--- DATA EXCERPTS Enclosed Below ---
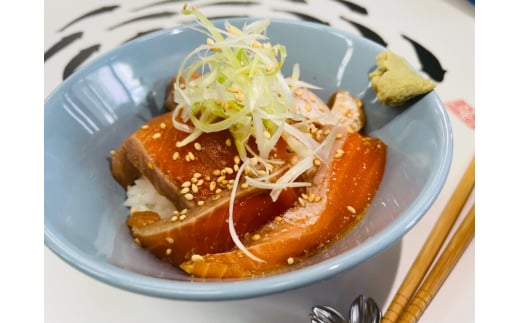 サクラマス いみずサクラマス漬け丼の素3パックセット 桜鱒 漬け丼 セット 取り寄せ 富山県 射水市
--- End of Enclosed DATA EXCERPTS ---
--- DATA EXCERPTS Enclosed Below ---
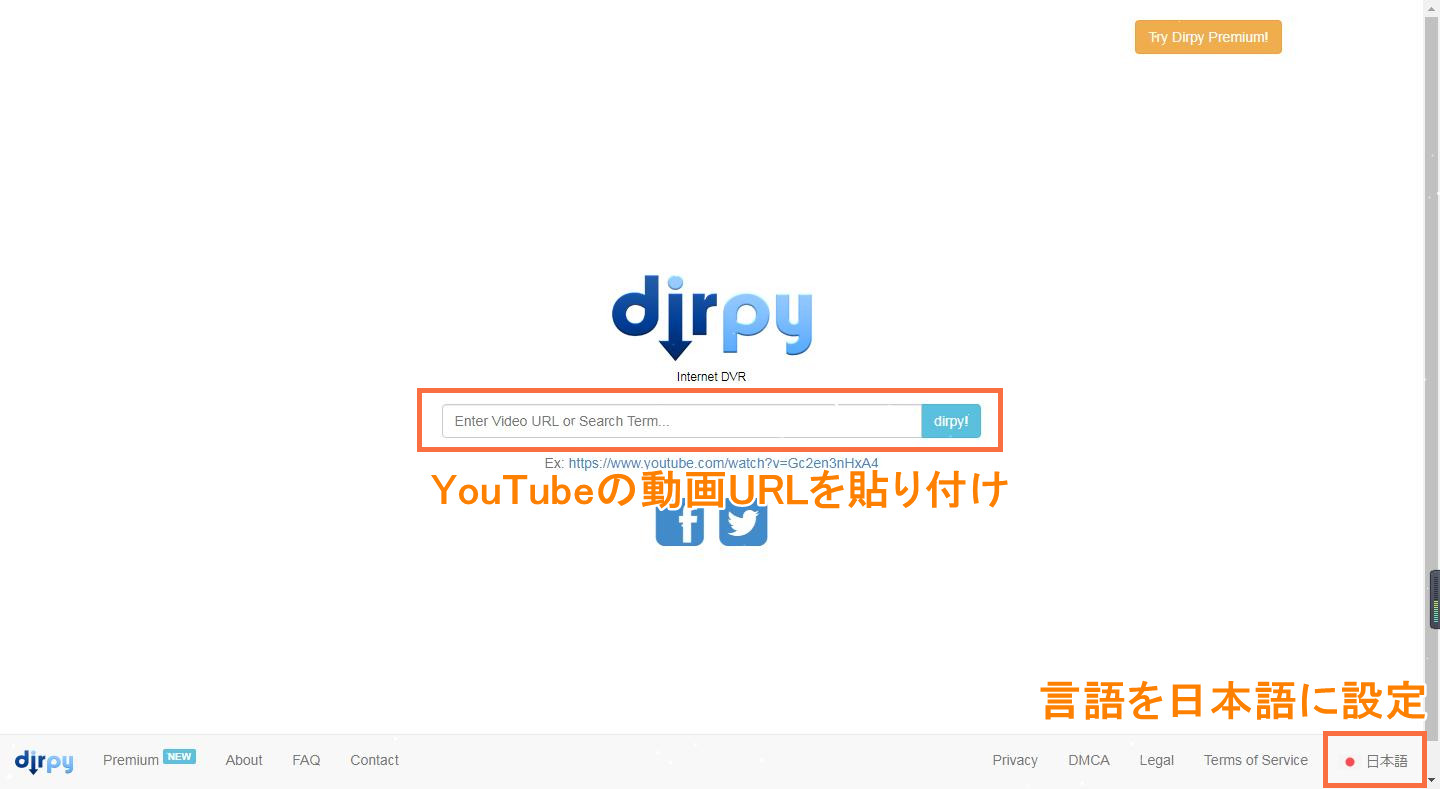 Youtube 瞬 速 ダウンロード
--- End of Enclosed DATA EXCERPTS ---
--- DATA EXCERPTS Enclosed Below ---
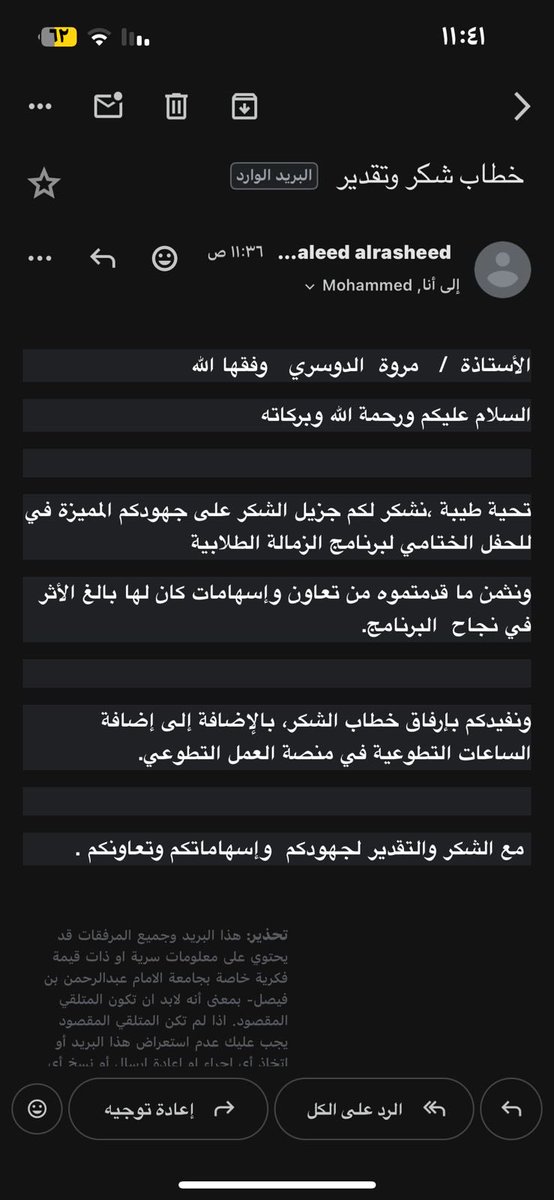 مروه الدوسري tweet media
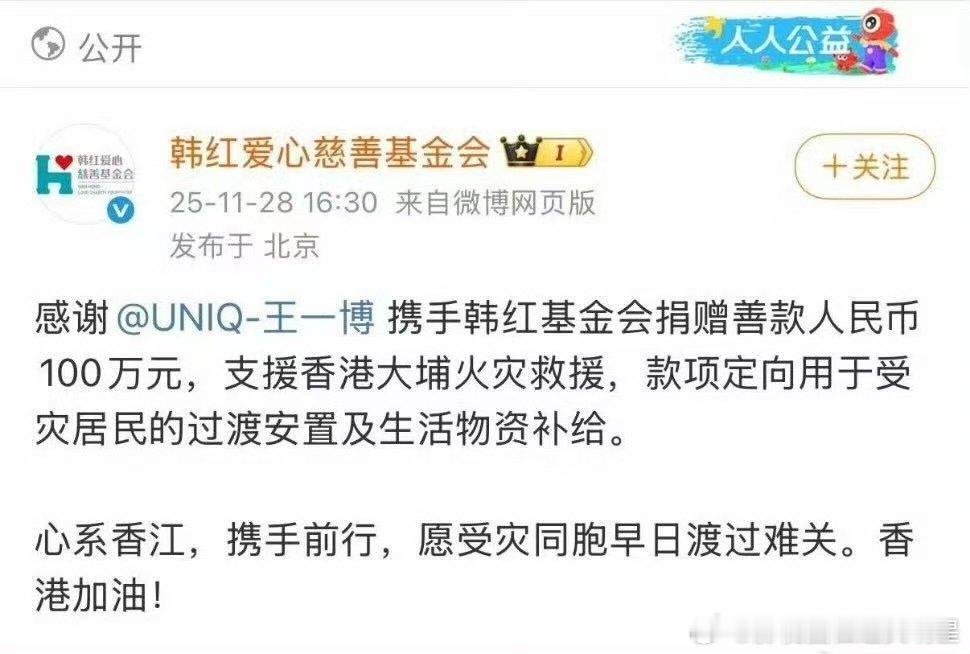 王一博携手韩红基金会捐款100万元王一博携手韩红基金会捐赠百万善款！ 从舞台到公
--- End of Enclosed DATA EXCERPTS ---
-- WHAT YOU HAVE TO DO --
Exactly the lines starting at the one above with "مروه الدوسري tweet media" and ending at the one with "王一博携手韩红基金会捐款10" should be printed, and nothing else. Omit the pictures.

-- WRITTEN ANSWER --
 مروه الدوسري tweet media
 王一博携手韩红基金会捐款100万元王一博携手韩红基金会捐赠百万善款！ 从舞台到公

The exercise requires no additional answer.